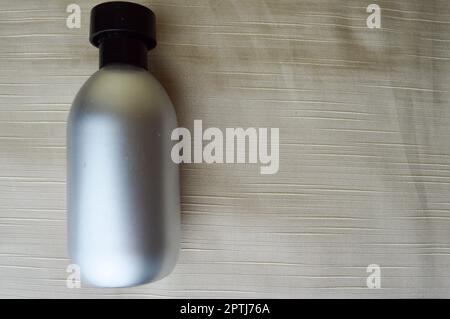 Silvery, metallic bottle with perfume, cologne on beige background. Stock Photo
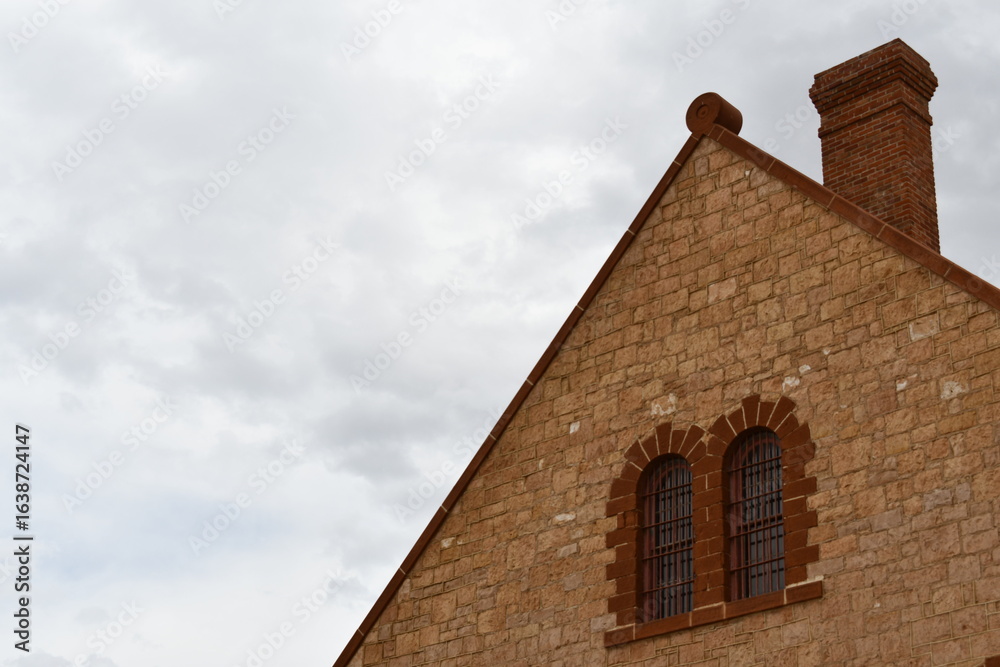 Obraz premium Large vintage prison made of stone. High roof pitch, red brick chimney. Barred windows.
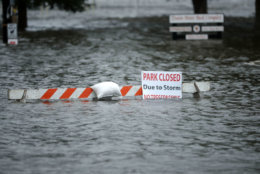 NEW BERN, NC - SEPTEMBER 13:  A sign warns people away from Union Point Park after is was flooded by the Neuse River during Hurricane Florence September 13, 2018 in New Bern, North Carolina. Coastal cities in North Carolina, South Carolina and Virginia are under evacuation orders as the Category 2 hurricane approaches the United States.  (Photo by Chip Somodevilla/Getty Images)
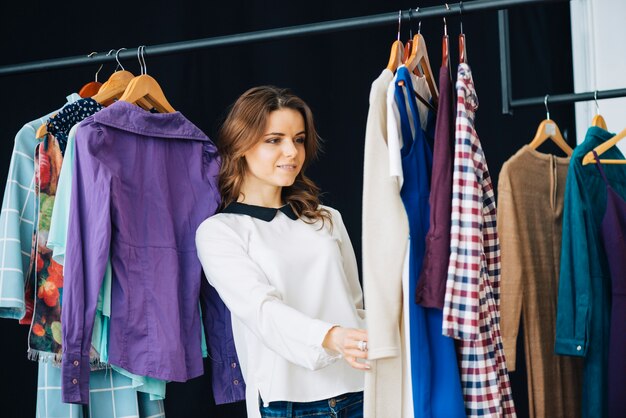 Vrouw die kleding op klerenspoor bekijkt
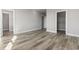 This is a bedroom that leads into a closet and features wood-look flooring at 1316 Marina Bay Dr., North Myrtle Beach, SC 29582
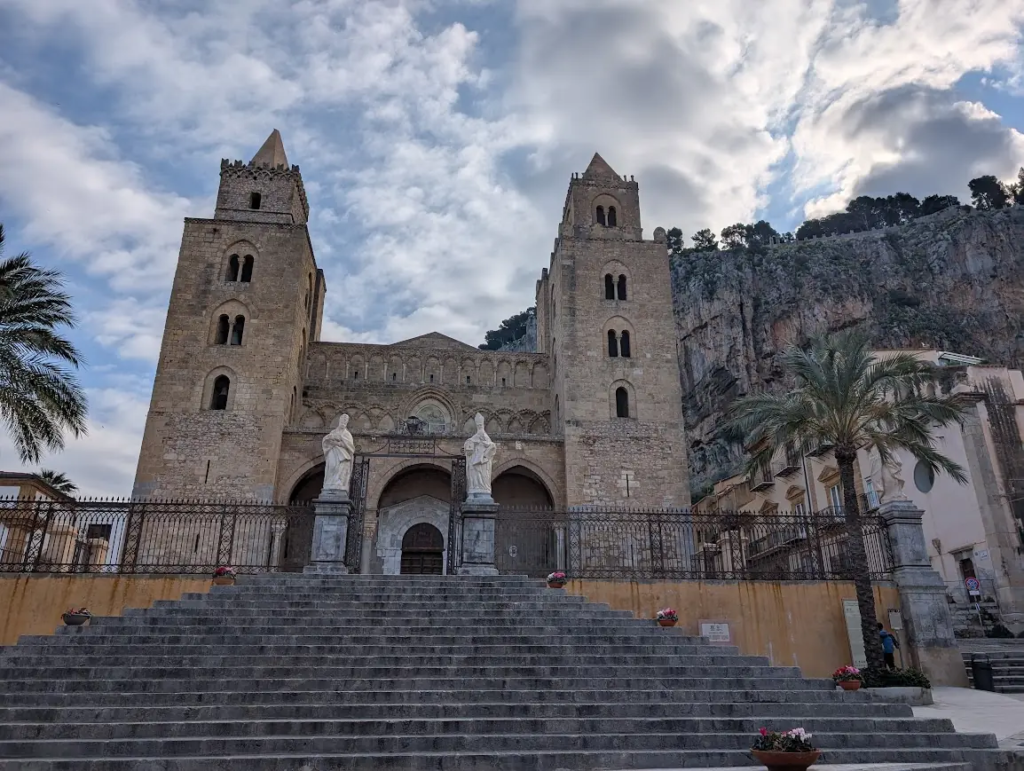 Norman cathedral in Cefalù, Sicily, with twin towers set against a dramatic rock face backdrop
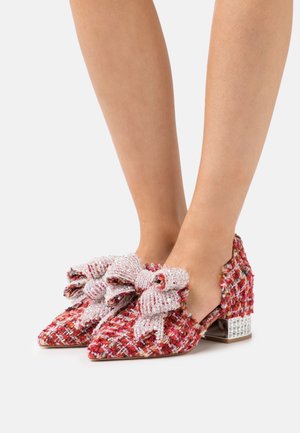 Chaussures à talons hauts en tissu tissé dans des teintes de rose et de rouge, présentant de grands nœuds et des talons blocs scintillants avec des embellissements. Design à bout pointu.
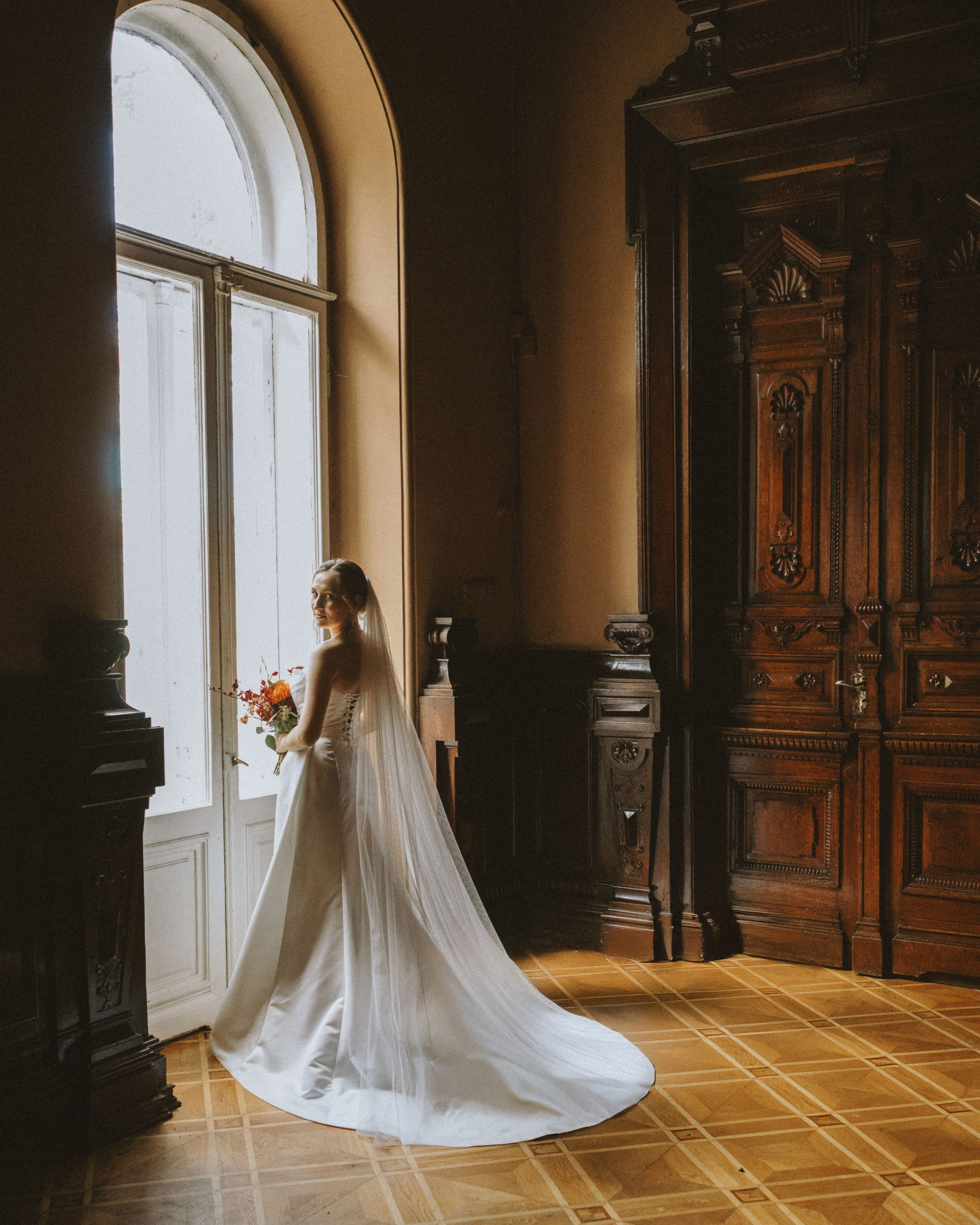 “Wedding photoshoot indoors. The bride stands by the window holding a bouquet, with her dress and veil flowing.”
****
The required result is the entries above, printed exactly from the first line through the line with "Obraz premium Large", pictures excluded.

 Silvery, metallic bottle with perfume, cologne on beige background. Stock Photo
 Obraz premium Large vintage prison made of stone. High roof pitch, red brick chimney. Barred windows.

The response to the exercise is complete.